The quotes below aren't new, but each is a slightly different take on essentially the same thing. one of the things that matters a whole lot in investing is return on capital (ROC) and how sustainable it is over time.
"Over the long term, it's hard for a stock to earn a much better return than the business which underlies it earns. If the business earns six percent on capital over forty years and you hold it for that forty years, you're not going to make much different than a six percent return - even if you originally buy it at a huge discount. Conversely, if a business earns eighteen percent on capital over twenty or thirty years, even if you pay an expensive looking price, you'll end up with one hell of a result." - Charlie Munger
"Time is the friend of the wonderful business. It's the enemy of the lousy business. If you're in a lousy business for a long time, you're going to get a lousy result, even if you buy it cheap. If you're in a wonderful business for a long time, even if you pay a little too much going in, you're going to get a wonderful result if you stay in a long time." - Warren Buffett
"Time is the enemy of the poor business and the friend of the great business. If you have a business that's earning 20%-25% on capital, time is your friend. But time is your enemy if your money is in a low return business." - Warren Buffett
An investor can always attempt to find mispriced lower quality businesses. The downside is that time is usually not an ally. The investor can own the shares until the price becomes closer to per share intrinsic value. Of course, then that investor has to sell and hunt for something else to buy (another opportunity but also another chance to make a mistake).
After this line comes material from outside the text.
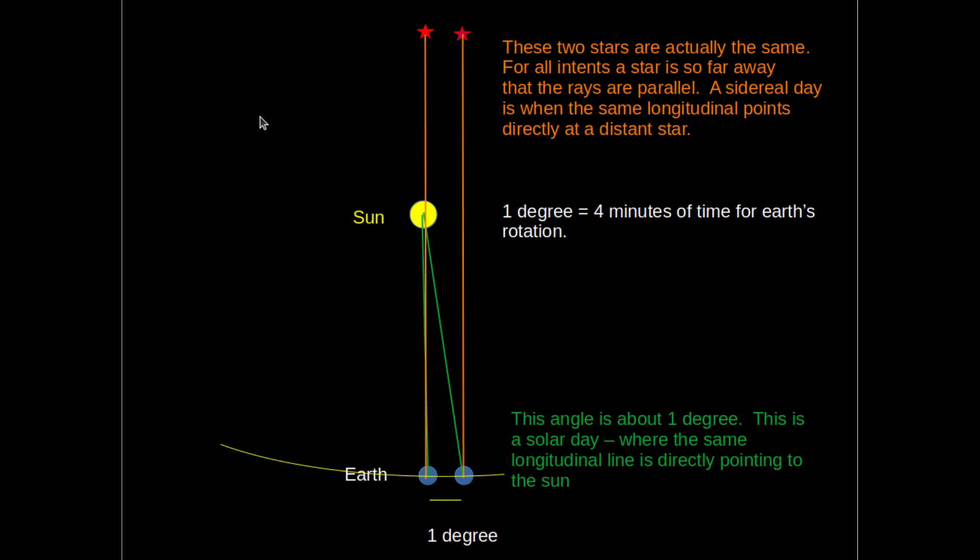A sidereal day is the time it takes for the Earth to rotate 360 degrees relative to a distant star. To complete a year, the Sun must rotate an additional 1 degree each day while going around the Sun. So a solar day is thus 1 degree longer than a sidereal day. 1 degree equals about 4 minutes of time. Remember that Earth rotates at roughly 15 degrees per hour. So the solar day is 24 hours while the sidereal day is 23 hours and 56 minutes.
Overpay somewhat for a low ROC enterprise (i.e. misjudge current value) and rapidly compounding growth in intrinsic value will not be there to dig you out of the hole.
In contrast, a durable high ROC enterprise can still end up working well in the long run even when a small misjudgment leads to too much being paid. Misjudge value somewhat and the higher quality business -- at least with the benefit of time -- can still produce an attractive rate of return in the long run. Not true for lower quality businesses.
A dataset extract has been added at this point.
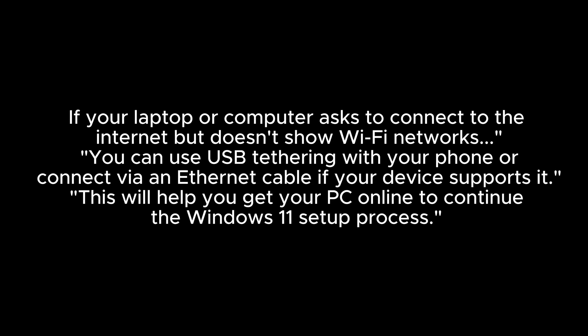If your laptop or computer asks to connect to the internet but doesn't show Wi-Fi networks, you can use USB tethering with your phone or connect via an Ethernet cable if your device supports it. This will help you get your PC online to continue the Windows 11 setup process.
So the durable high ROC business can help an investor to reduce mistakes and lower risk.
That doesn't mean it's okay to overpay. Whenever possible, an appropriate margin of safety should exist before making an investment but, inevitably, misjudgments get made. If a business has sustainable advantages and quality economic characteristics, those misjudgments should often end up being a whole lot less costly in the long run.
Judging whether a business is in fact going to maintain attractive economics over time is, of course, the tough part.